If this is the box you are talking about petco.com - Petco Mega Rectangular Litter Box customer reviews - product reviews - read top consumer ratings I have three, and three cats and 2 other boxes as well.

This is without a doubt my favorite litterbox. I actually buy them at Farm & Fleet cause they cost a little less but I recommend them to everyone. As long as your kitties don't get in and turn around to go out over the short side all but the largest housecats stay inside this pan - a HUGE plus. You can put in enough scoopable litter that it never sticks to the bottom & the cats acan always cover well so less smell.

In the downstairs one the cats use it to both pee & poo BUT in the upstair 2 somehow the 3 of my girls decided one box was for peeing and the other for pooing & they are all 3 the same box. the smaller boxes don't get used as much, just a random bit here and there and the covered one only out of desperation I think.
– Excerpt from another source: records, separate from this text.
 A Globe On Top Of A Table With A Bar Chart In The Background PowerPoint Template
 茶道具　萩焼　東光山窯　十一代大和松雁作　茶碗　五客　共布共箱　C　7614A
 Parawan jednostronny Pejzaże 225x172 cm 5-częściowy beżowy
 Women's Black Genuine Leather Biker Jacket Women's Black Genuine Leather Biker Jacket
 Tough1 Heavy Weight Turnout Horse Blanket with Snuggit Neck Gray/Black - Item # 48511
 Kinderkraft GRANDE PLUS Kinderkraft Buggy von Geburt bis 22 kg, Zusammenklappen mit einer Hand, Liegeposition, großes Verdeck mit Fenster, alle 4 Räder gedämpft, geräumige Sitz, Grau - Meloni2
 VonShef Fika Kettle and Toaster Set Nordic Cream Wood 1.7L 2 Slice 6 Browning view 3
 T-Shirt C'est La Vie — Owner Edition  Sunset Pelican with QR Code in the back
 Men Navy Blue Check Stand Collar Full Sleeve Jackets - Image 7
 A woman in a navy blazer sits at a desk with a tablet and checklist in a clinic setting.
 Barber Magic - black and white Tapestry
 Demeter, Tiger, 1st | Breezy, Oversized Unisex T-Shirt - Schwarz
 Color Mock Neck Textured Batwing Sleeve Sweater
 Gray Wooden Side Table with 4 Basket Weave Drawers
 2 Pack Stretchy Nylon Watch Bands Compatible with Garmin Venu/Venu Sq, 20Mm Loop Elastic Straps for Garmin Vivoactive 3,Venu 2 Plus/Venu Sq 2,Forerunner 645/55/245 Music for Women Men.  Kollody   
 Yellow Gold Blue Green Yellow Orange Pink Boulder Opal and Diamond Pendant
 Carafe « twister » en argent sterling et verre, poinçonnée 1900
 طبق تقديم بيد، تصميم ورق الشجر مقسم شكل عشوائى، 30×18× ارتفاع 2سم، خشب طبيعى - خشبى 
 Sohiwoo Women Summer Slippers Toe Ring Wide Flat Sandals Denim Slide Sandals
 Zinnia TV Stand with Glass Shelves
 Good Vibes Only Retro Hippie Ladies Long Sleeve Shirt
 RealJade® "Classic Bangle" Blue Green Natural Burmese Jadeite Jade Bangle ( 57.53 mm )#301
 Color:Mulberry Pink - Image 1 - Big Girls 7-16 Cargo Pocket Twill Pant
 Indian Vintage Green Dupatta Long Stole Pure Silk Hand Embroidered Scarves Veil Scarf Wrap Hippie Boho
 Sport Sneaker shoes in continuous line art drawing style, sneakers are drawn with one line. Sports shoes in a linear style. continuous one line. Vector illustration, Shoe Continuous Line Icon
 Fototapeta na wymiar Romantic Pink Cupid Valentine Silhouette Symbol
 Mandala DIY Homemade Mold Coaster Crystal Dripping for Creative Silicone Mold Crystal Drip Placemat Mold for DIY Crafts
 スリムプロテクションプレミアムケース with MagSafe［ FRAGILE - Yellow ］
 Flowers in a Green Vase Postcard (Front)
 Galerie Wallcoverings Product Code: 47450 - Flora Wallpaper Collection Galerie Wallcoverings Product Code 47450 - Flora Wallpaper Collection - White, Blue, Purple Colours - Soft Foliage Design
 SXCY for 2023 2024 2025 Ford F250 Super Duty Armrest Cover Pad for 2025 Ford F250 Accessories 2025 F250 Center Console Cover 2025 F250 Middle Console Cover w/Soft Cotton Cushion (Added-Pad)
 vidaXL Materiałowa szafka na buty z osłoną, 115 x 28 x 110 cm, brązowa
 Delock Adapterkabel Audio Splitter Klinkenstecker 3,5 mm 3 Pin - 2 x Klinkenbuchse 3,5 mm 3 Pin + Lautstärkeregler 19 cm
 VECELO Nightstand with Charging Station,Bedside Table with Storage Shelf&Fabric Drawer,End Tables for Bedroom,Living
As for the scoops - if you didn't get the litter lifter - you really really want to! here is a thread about it http://www.catforum.com/forum/36-cat-chat/149344-i-need-finer-scoop-sift-litter.html

http://www.catforum.com/forum/36-cat-chat/135732-litter-lifter-scoop.html


----------



## 6cats4me (Apr 30, 2011)

I have 6 super sized Petmate 22040 Giant Litter Pans; each holds more than 35 pounds of litter.
Each litter pan is 34.7 x 19.8 x 10 inches. I won't ever go back to smaller boxes after using these
because the cats make much less mess with them and they are so easy to keep clean.


----------



## yingying (Jul 19, 2011)

Two cats can definitely share one litter box. I use to have 2 smaller ones at home, but my cats always choose to use the same one. They would rather wait in line than go to the other one (which is not far away). So I got rid of the 2 and bought a large one. They are very happy with that. They sometimes do it together :lol:










BUT, I don't think the PETCo mega size box is very huge. 24"x18" is just a medium size IMO. Mine is 26"x23". You might consider getting a even bigger one if you want them to share.


----------



## mandr (Mar 13, 2012)

I have three litter boxes for two cats. After a pee out of box episode, I panicked and thought I'd err on the side of more boxes. Two are mid-sized and one is small. While they use all three, the small one doesn't get used everyday and this could likely be removed.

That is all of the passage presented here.